Interestingly, Baddhi Shop, an online store offering fraudulent metrics, has entered the GitHub market. Alongside GitHub stars, the shop also sells Product Hunt upvotes, followers, and views on Kaggle. These fake engagements are generated by a team of 11 individuals, who meticulously click away on various cloud devices. Baddhi asserts that their actions are not spam and that the shop respects each website’s terms of service. However, Discord, a popular chat room service for crypto projects, also faces daily purchases of fake engagement. Discord takes a firm stance against creating or selling fake accounts, actively removing offending users from the platform.

While selling fake engagement is most notorious on mainstream social platforms like Facebook, smaller platforms like GitHub and Product Hunt are becoming new targets.
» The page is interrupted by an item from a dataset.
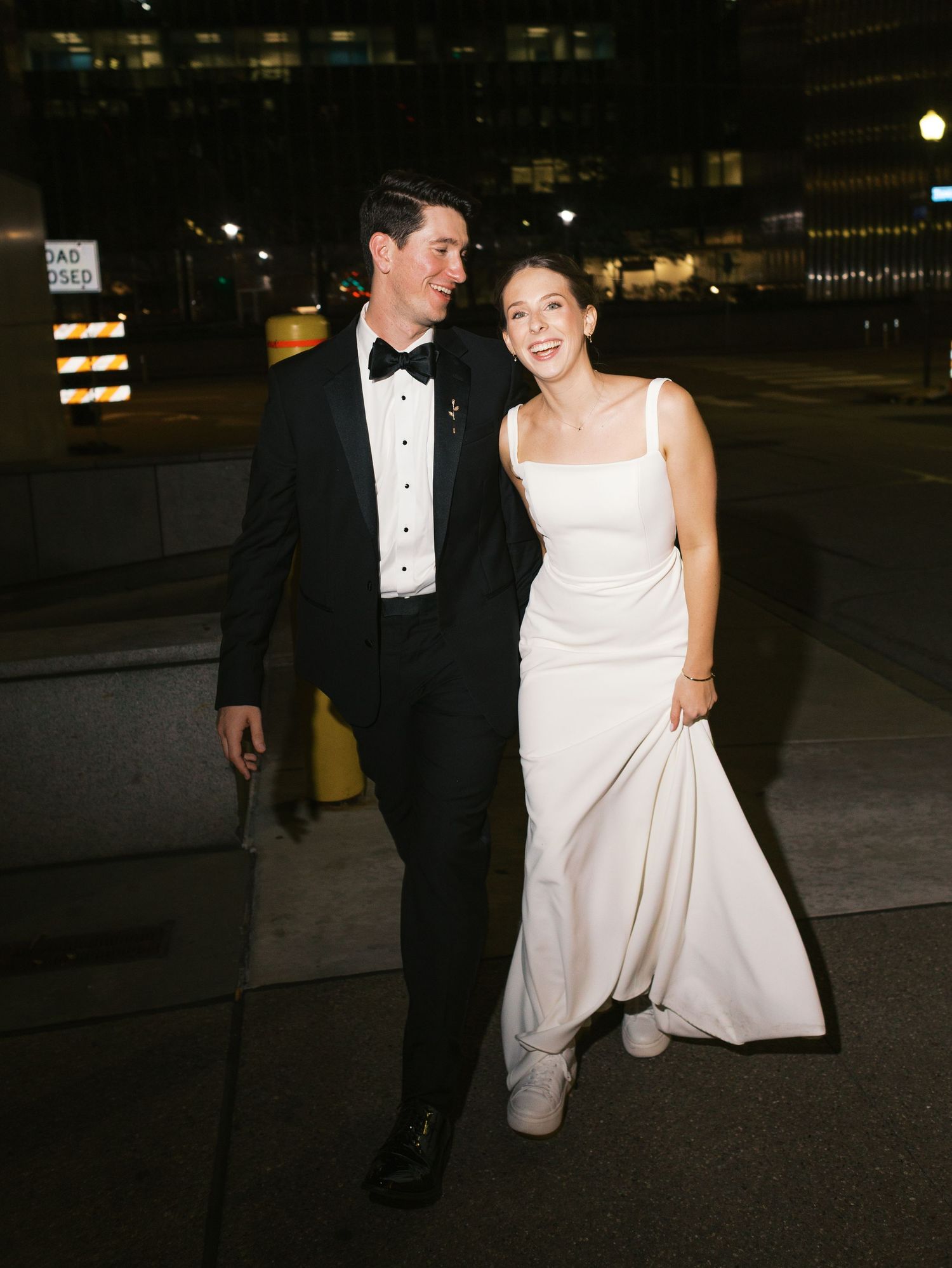A couple walking together at night, with the person in a tuxedo and their partner in an elegant white wedding dress.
Stefano Cresci, a researcher focused on disinformation, fake news, and social bots, suggests that vendors have migrated to these lesser-known platforms due to increased scrutiny on larger platforms. The unsettling truth is that online cheating now permeates even niche communities. Justin Hollander, a professor at Tufts University, discovered Twitter bots being utilized to influence urban planning projects. These bots infiltrated projects ranging from California’s SoFi Stadium development to mixed-use projects in Atlanta.

Filippo Menczer of Indiana University aptly compares the proliferation of social bots and fake engagement to pollution, obscuring what is valuable and of high quality. As technology advances, this arms race between social bots and detection methods is set to intensify. Even chatbots powered by AI language models like ChatGPT contribute to the problem, effortlessly creating realistic fake accounts that are nearly indistinguishable from genuine ones. The battle to combat fake engagement is ongoing, and it remains to be seen how new metrics will emerge and how scammers will adapt.
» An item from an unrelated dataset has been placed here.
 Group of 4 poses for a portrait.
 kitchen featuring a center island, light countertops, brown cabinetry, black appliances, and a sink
Ultimately, while GitHub stars may have lost some of their luster, they still hold some weight in the investment world. However, investors are now armed with a more nuanced perspective on these metrics. The success of open source companies like Mulesoft and Gitlab has shifted investor focus towards a comprehensive analysis of multiple factors, rather than a sole reliance on GitHub engagement.

As the digital landscape continues to evolve, metrics may lose their validity. Campbell’s law posits that the more a metric is used for decision-making, the more it will be manipulated. Goodhart’s law warns that once a metric becomes a target, it no longer serves its intended purpose. Both laws highlight the precarious balance between using metrics as indicators of success and succumbing to manipulative practices.

In conclusion, while GitHub stars may have fallen prey to a black market of fake engagement, the tech community is adapting. Investors and individuals alike are becoming more discerning, using a multitude of signals beyond GitHub stars to evaluate projects and startups. The battle against fraudulent metrics and social bots continues, but with vigilance and technological advancements, we can strive for a more transparent and authentic digital ecosystem.